Color just first on day of broken barriers

April 14, 1997|By John Eisenberg

AUGUSTA, Ga. -- It was supposed to be a story about a color barrier coming down, about a minority golfer winning the Masters for the first time.

That, it was; the social implications of Tiger Woods' victory yesterday at Augusta National are what makes it one of the most important stories of this or any year in sports.

Coming up the 18th fairway, Woods said a prayer of thanks for the African-American golfers who had come before him, then had the grace to tell reporters he wasn't the pioneer.

But as deeply moving and important as all that surely was, it was dwarfed in the end by his golf.

The fact that an African-American golfer won the Masters is remarkable, but the way he won was even more remarkable.

Woods didn't just win; he put on a four-day display of skill, nerves and mental discipline that ranks with the best performances of any athlete in any sport.

He shot the lowest score in the history of the Masters, a tournament that began in 1934.

He became the tournament's youngest winner; at 21, he was supposed to be a senior at Stanford.

And he won by 12 shots, for crying out loud!

Only once before has a golfer won a major by so much: That was Old Tom Morris, who took the British Open by 13 strokes in '62.

And that's 1862, sports fans, not 1962.

That's right, Woods' performance was so historic that he was challenging a record set during Abraham Lincoln's presidency.

That's just before Cal Ripken's streak started.

Woods, who finished at 18-under-par, was so far ahead at the end yesterday that he could have gone back out on the course after his round, played the last three holes again in par and still used fewer strokes than anyone else.

Ah, the ol' three-hole handicap.

A golfer winning the Masters by 12 strokes is like a baseball team clinching its division title in July and sweeping through October without losing a game.

Woods blew away the course, the field and the Masters' hallowed history.

"I dreamed about winning the Masters when I was a little kid, but I never dreamed about winning it like I did," Woods said. "I dreamed about winning it in a playoff with [Nick] Faldo or [Jack] Nicklaus but I never thought I'd have a lead like I did. It was nice to have that become a reality."

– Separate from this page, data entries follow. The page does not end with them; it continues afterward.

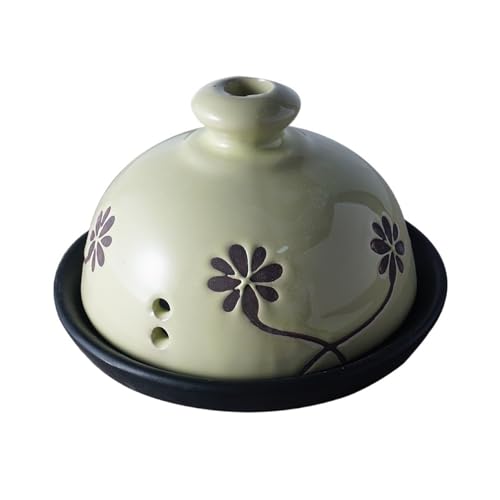 HAGJII Ceramica Porta Aglio con Coperchio Dispensa Vaso per Aglio, Rustico Agriturismo La Cucina Organizzatore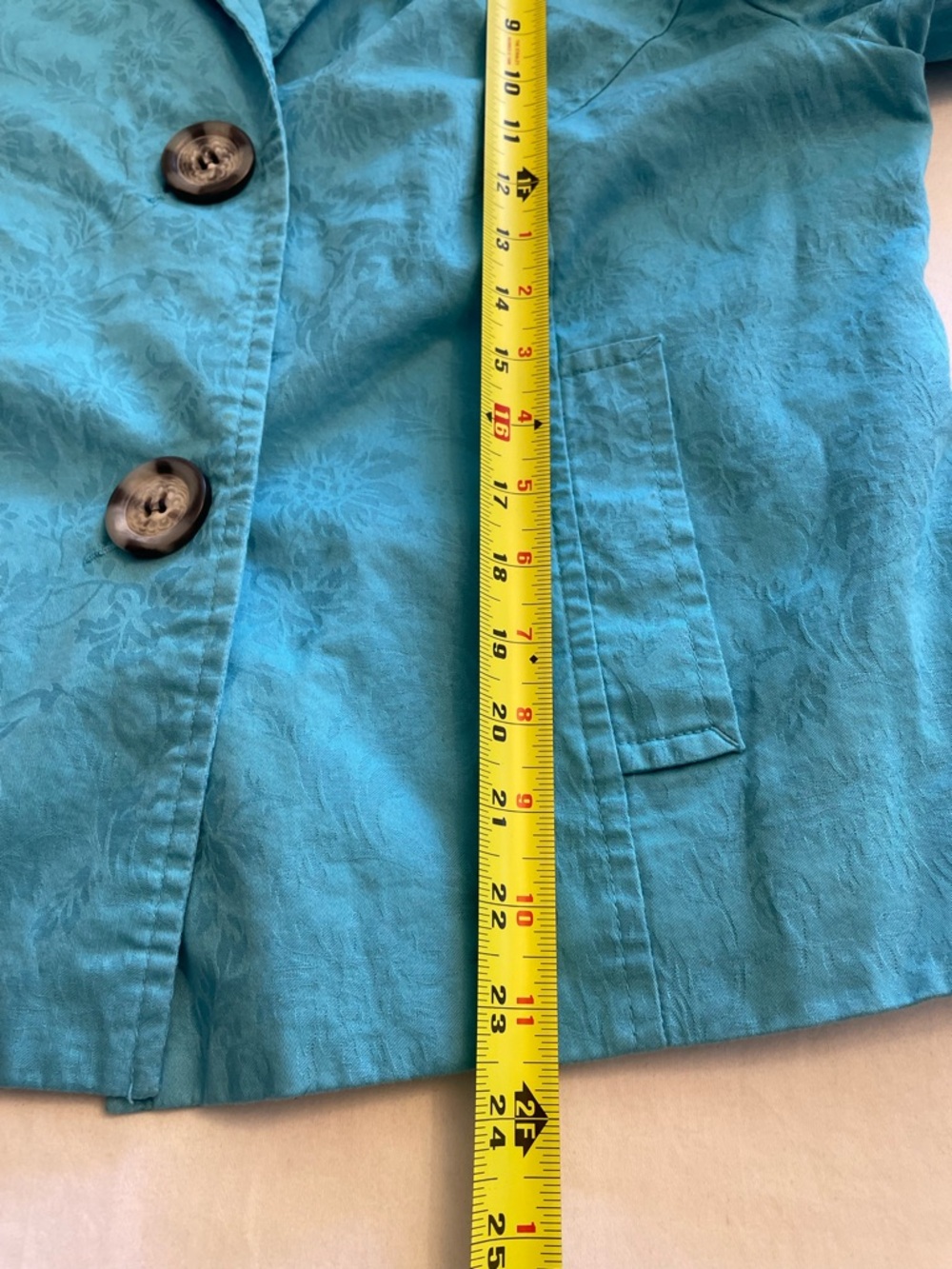 Vintage Carroll Reed Petite Turquoise Floral Damask Cotton Blazer Women’s 14P - Picture 5 of 8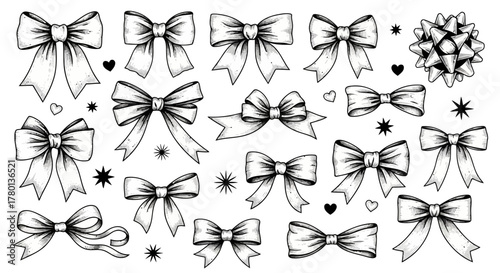 Handdrawn collection of various bow styles, including elegant ribbons and decorative gift bows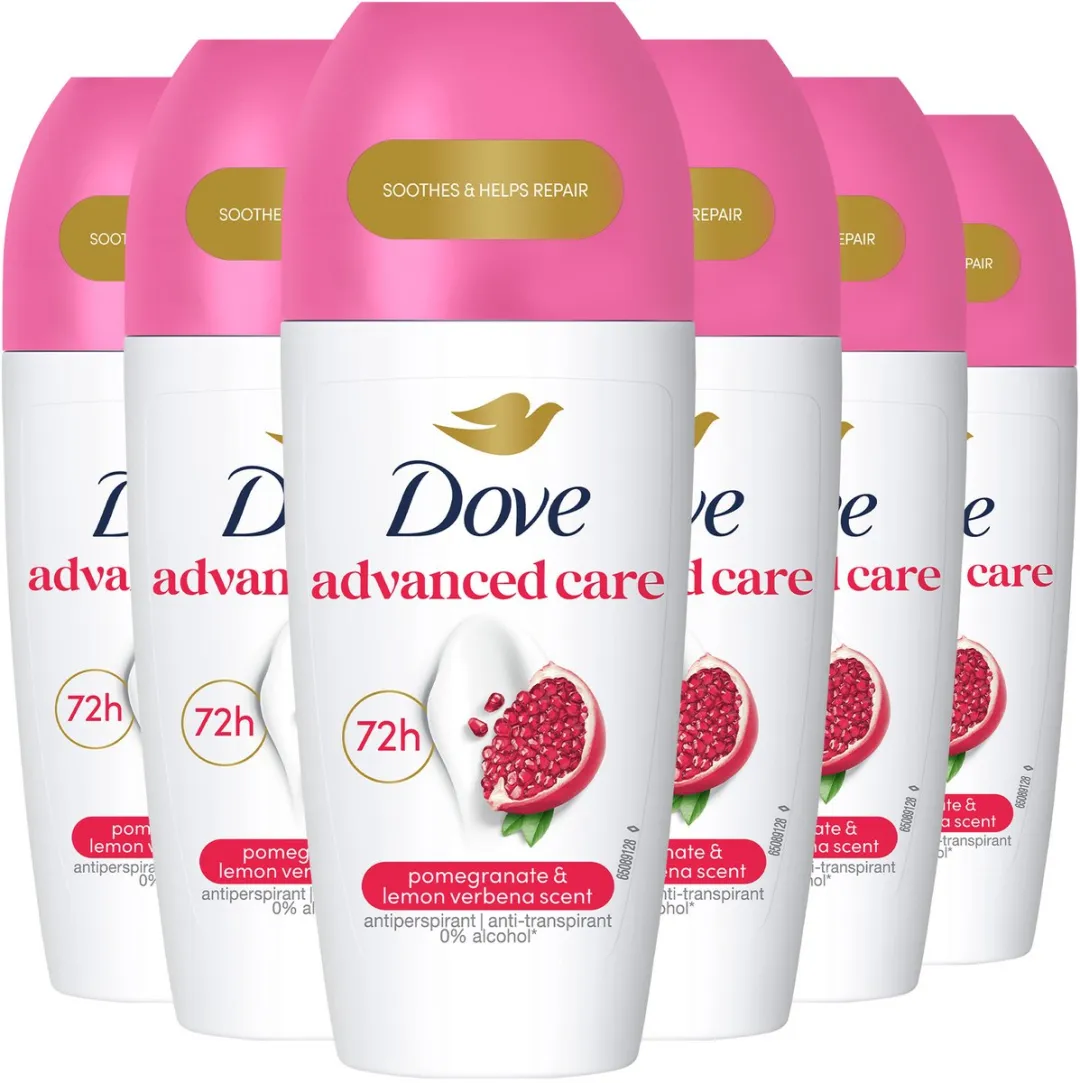 Dove Anti-Transpirant Deodorant Roller Pomegranate & Lemon Verbena - 6x50ml
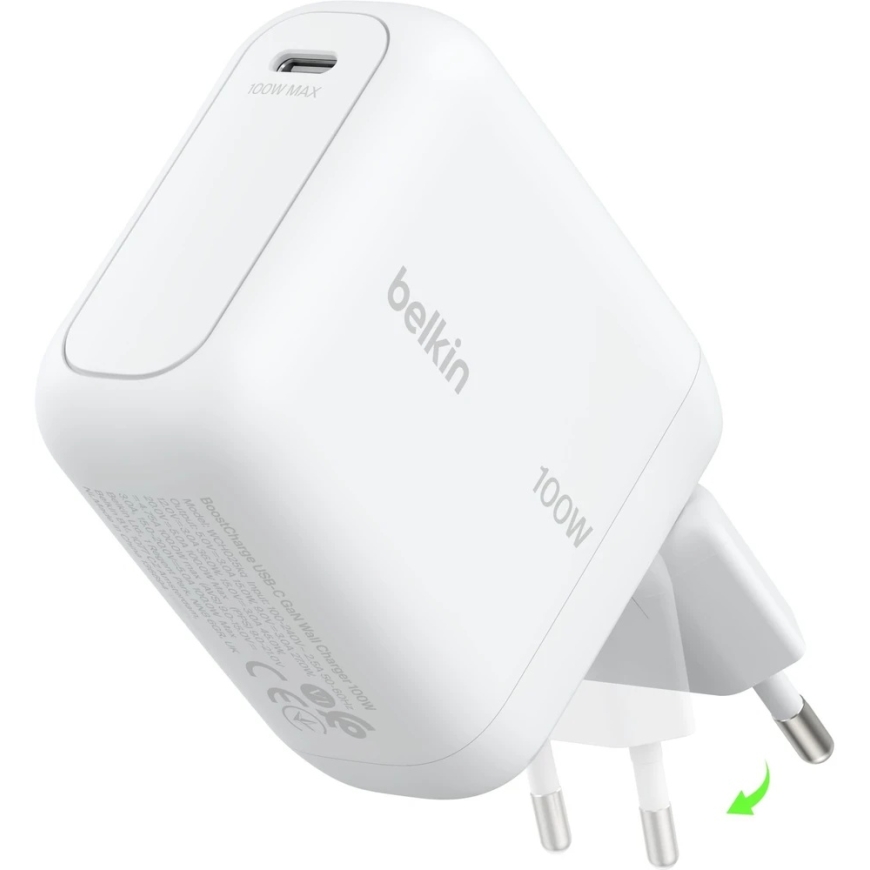 Įkroviklis Belkin BOOSTCHARGE 100W USB-C GaN su sulankstomu baltu kištuku (WCH025KQWH) – 2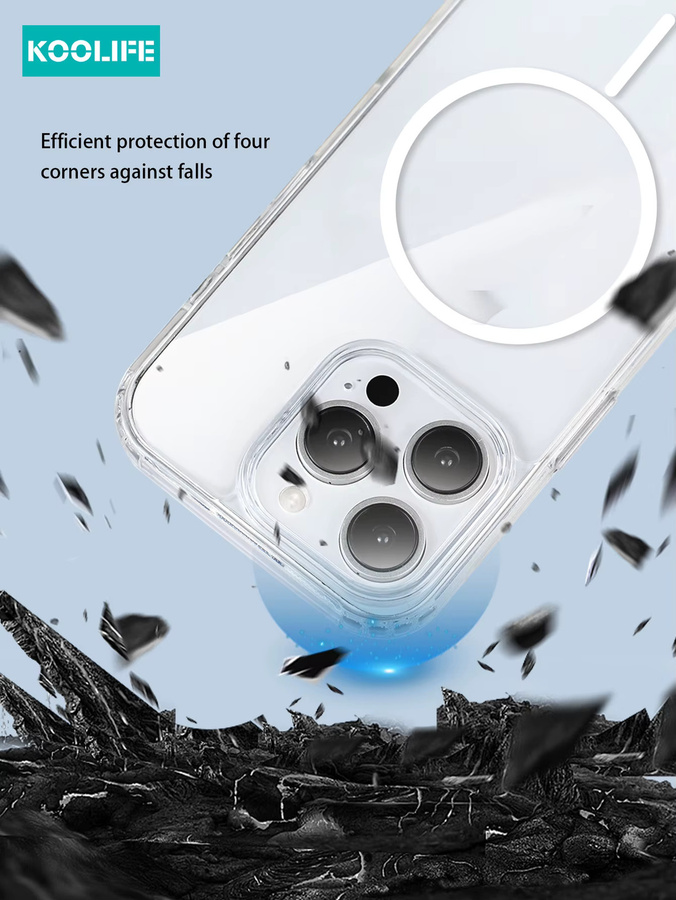 Koolife Magnetische Transparente Handytasche mit Kreis Design für iPhone 11 bis 16 Pro Max in Transparent und Weiß - Bild 2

He led by three strokes after the second round, nine strokes after the third round and 13 strokes with two holes to play yesterday. A late birdie by Tom Kite, the runner-up, cut the final margin to 12.

Woods, who has studied golf history, knew with two holes to play that he needed two pars to break the tournament record of 17-under, which was set in 1965 by Nicklaus and tied in 1976 by Raymond Floyd.

It came down to a four-foot putt for par on the 18th green, but Woods was dead-on accurate, as he was all week from that treacherous distance.

The Masters' 72-hole record is perhaps the toughest in all of golf; besides Nicklaus and Floyd, no golfer had ever shot better than 14-under here.

Woods' record probably will stand for years -- unless Woods breaks it again himself.

"He will win many more Masters," Nicklaus said. "He's out there ** playing another game."

Golf will never be the same. Woods' huge gallery was a human zoo again yesterday, as it was all week. Jack Nicholson was buzzing around in a cart. The crowd ran 10-deep at times.

Woods was oblivious. His powers of concentration were the most stunning part of his win. With history and humanity swirling around him, he never blinked.

Playing the course as astutely as a 20-year veteran, he hit almost all of his drives in the fairway and almost all of his approach shots within 20 feet of the hole.

He was always on the offensive, almost never in trouble.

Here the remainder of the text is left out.